In the book The Second Machine Age, MIT professors Andrew McAfee and Erik Brynjolfsson document the way in which technology and automation are changing our economy. And one particularly effective way they do it is through a story about a chessboard, rice, and Gordon Moore.
Gordon Moore is the cofounder of Intel and in the 1960s he made the incredibly prescient prediction that the amount of computing power one could buy for a dollar would double every year for the next decade. Aside from some quibbling about the exact time period of doubling, his prediction has remained largely true over the past five decades, not just one. This is known as Moore’s Law.
What repeated consistent digital doubling means, exactly, is best demonstrated through a story about an emperor and a chessboard. As legend has it, when chess was invented in sixth century India, the inventor was given an audience with the emperor. When asked to name his prize, the inventor asked for a single grain of rice to be placed on the first square of the chessboard, two to be placed on the second, four on the third, and so on, with the quantity of rice doubling every square. What most people, including the emperor, fail to realize is that if this pattern continues, by the final square the emperor would owe the inventor eighteen quintillion grains of rice, more rice than has been produced in the history of the world.

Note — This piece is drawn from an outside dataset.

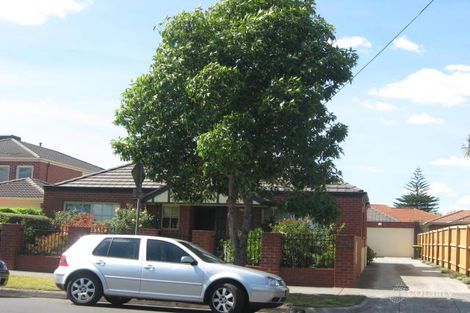 2/228 Grange Rd, Carnegie, VIC 3163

The chessboard example is a useful tool to think about the dramatic impacts of digital doubling. As the authors write, in the first half of the chessboard we can still imagine the quantities of rice: after 32 squares, the emperor owes 4 billion grains, a number we can conceptualize. It’s in the second half of the chessboard that the quantities quickly become unimaginable. And the authors argue that we’ve recently entered the second half of the chessboard.
The Second Half of the Chessboard
I was thinking about rice and the second half of the chessboard when I read the New York Times article last month The Great AI Awakening, documenting Google’s efforts to improve its Google Translate service. I highly recommend the entire article, but the summary is that things are quickly becoming unimaginable.
The old version of Google Translate relied on computer code written over a decade by hundreds of Google’s smartest engineers, which matched individual phrases in one language to another using a massive database of texts. The system was incredibly complex, but still worked off of algorithms constructed by Google engineers. And while the service was revolutionary, the phrase-by-phrase, rule-based system often produced translations that were clunky and awkward to native speakers.
Enter Google Brain. This elite team at Google created a “neural network” – essentially an effort to replicate the human mind in the digital space – that would learn the way a human does from her earliest years: through trial and error, experiencing successes and failure, identifying patterns, improving on its own. The goal was that Google Translate would no longer be relying on a set of rules written by humans, but that it would go off and learn on its own.
And it did. Over nine-months, the neural network that Google Brain created made advancements in the fluidity of translation that were off the charts, surpassing gains made by the previous system over its entire ten years of development.
This feels like the second half of the chessboard. Through advancements in technology and processing power, really smart people were able to create something in nine months that made the already amazing work of hundreds of other smart people, compiled over ten years, essentially obsolete.
The previous distinction in trying to figure out which jobs would be automated and which were safe was routine vs. complex: routine work, be it cognitive or manual, that could be broken down to a set of rules, would be automated; more complex knowledge work was safe for now.
But what we now see is that the set of rules machines can follow are now much broader, and in some cases they’re writing their own rules, identifying their own patterns, and moving into areas of work we thought were squarely in the human domain.
What does this mean for all of us?
For starters, no one can predict the future. But it seems the best way to prepare for this uncertain future is by getting as much and as broad an education as possible. “Unskilled” work, requiring only a high school degree, is rapidly being automated, and only more automation is promised. And even higher education too narrowly focused could lock one into a set of narrow skills that may soon be automated. Better, it seems, to seek a broad knowledge base, learn how to learn, and develop widely transferable skills in communication, critical thinking, and collaboration that can be applied to any job.
Things are already changing rapidly, and if we are in the second half of the chess board, things are just going to move faster. The education we all need is the one that will allow us to adjust to the changes we can’t yet imagine as we move to the next square.